Qualcomm® AI Engine Direct Delegate provides acceleration on Qualcomm platforms using the Qualcomm® AI Engine Direct SDK. The following sections describe the operators and features Qualcomm® AI Engine Direct Delegate supports.

GPU

In general, Qualcomm® AI Engine Direct GPU backend supports float32 and float16 operators and activations. There is an option to set the activation and operator compute precisions used by the accelerator core, see the TfLiteQnnDelegateGpuBackendOptions structure. For TFLite operator support, see Supported Operators. The library for this backend is libQnnGpu.so.

There is one option to set the accelerator’s performance mode, see TfLiteQnnDelegateGpuBackendOptions for all the options enums. The order of performance level of each mode is (from high to low): High > Normal > Low, and Default mode is aligned with GPU backend default setting.

HTP

In general, Qualcomm® AI Engine Direct HTP backend supports quantized 8 bits fixed-points activations and operators. For TFLite operator support, see Supported Operators, in addition to that, the following table lists op restrictions. The libraries for this backend are libQnnHtp.so, libQnnHtpPrepare.so, libQnnHtp*Stub.so and libQnnHtp*Skel.so.

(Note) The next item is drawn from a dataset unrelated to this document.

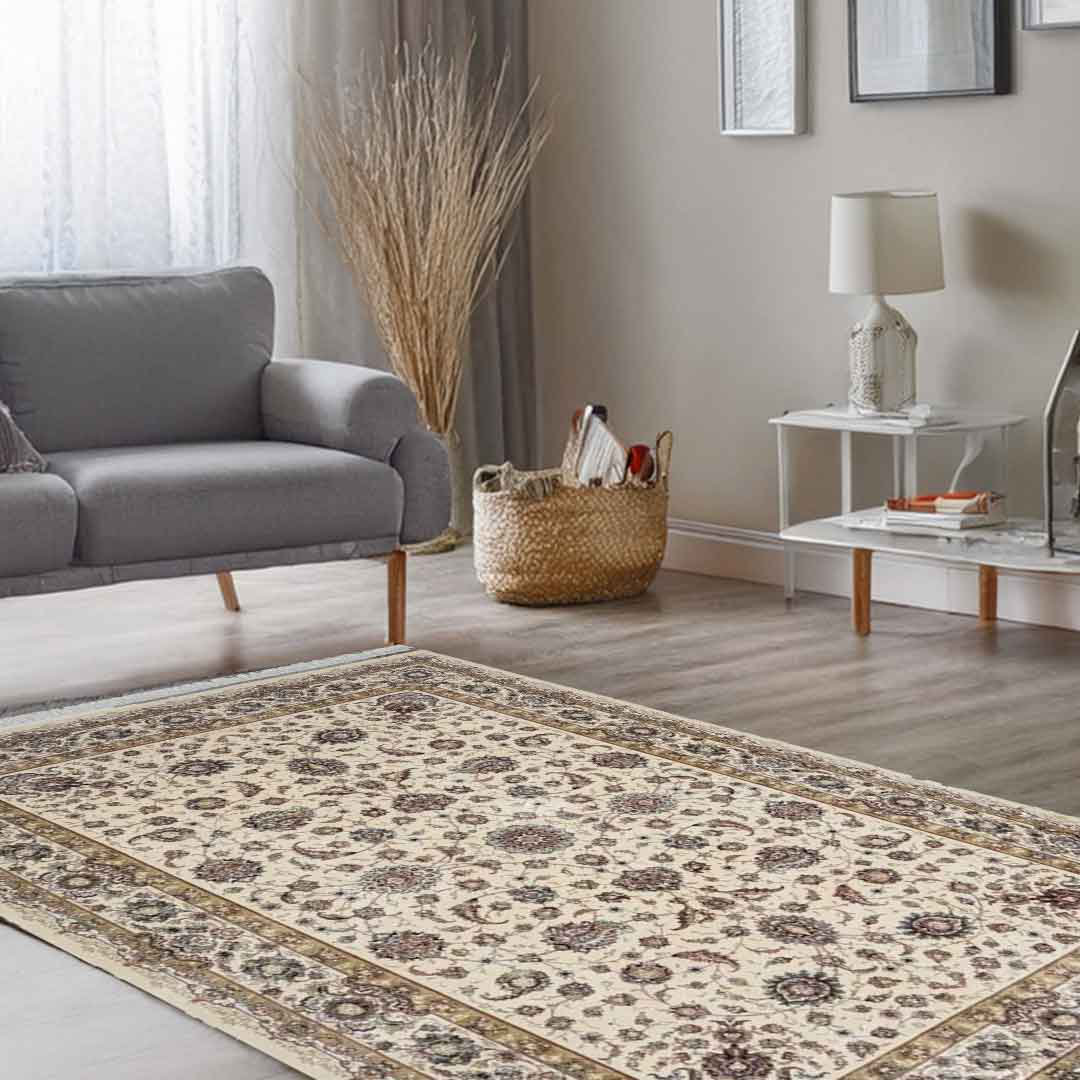 Minyatur Cream Medallion Area Rug – 100% Viscose, Low-Pile Woven Traditional Carpet for Living Room, Bedroom & Hallway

There is one option to set the accelerator’s performance mode, see TfLiteQnnDelegateHtpBackendOptions for all the options enums. When performance_mode is used, the delegate will vote for the provided performance level at initialization. Users can change that on-the-fly by C-APIs. See C Interface. Or, Delegate also support another strategy called kHtpPerfCtrlAuto, which vote automatically during inference and then return back to relaxed vote after the inference has completed. The order of performance level of each mode is (from high to low): Burst > Sustained High Performance > High Performance > Balanced > Low Balanced > High Power Saver > Power Saver > Low Power Saver. In case of power consumption, it’s of the opposite order. One exception from this order is Default mode, it basically means no input vote from client and HTP will vote for the optimal modes itself automatically.

Performance mode

Corner on up vote

Default

  • Doesn’t perform any specific voting.

Sustained High Performance

  • Sustained the TURBO corner vote.

Burst

  • Vote for TURBO Plus corner vote.

High Performance

  • Vote for TURBO corner vote.

Power Saver

  • Vote for SVS corner vote.

Low Power Saver

  • Vote for SVS2 corner vote.

High Power Saver

  • Vote for SVS Plus corner vote.

Low Balance

  • Vote for NORMINAL corner vote.

Balance

  • Vote for NORMINAL Plus corner vote.

On certain SoCs, the Qualcomm® AI Engine Direct HTP backend supports 16-bit floating point precision. This can be enabled by setting the TfLiteQnnDelegateHtpBackendOptions.precision option to TfLiteQnnDelegateHtpPrecision.kHtpFp16. This requires the .tflite model to have tensors with floating point precision. Note that fp32 models can still be delegated, but the underlying math is in 16-bit precision.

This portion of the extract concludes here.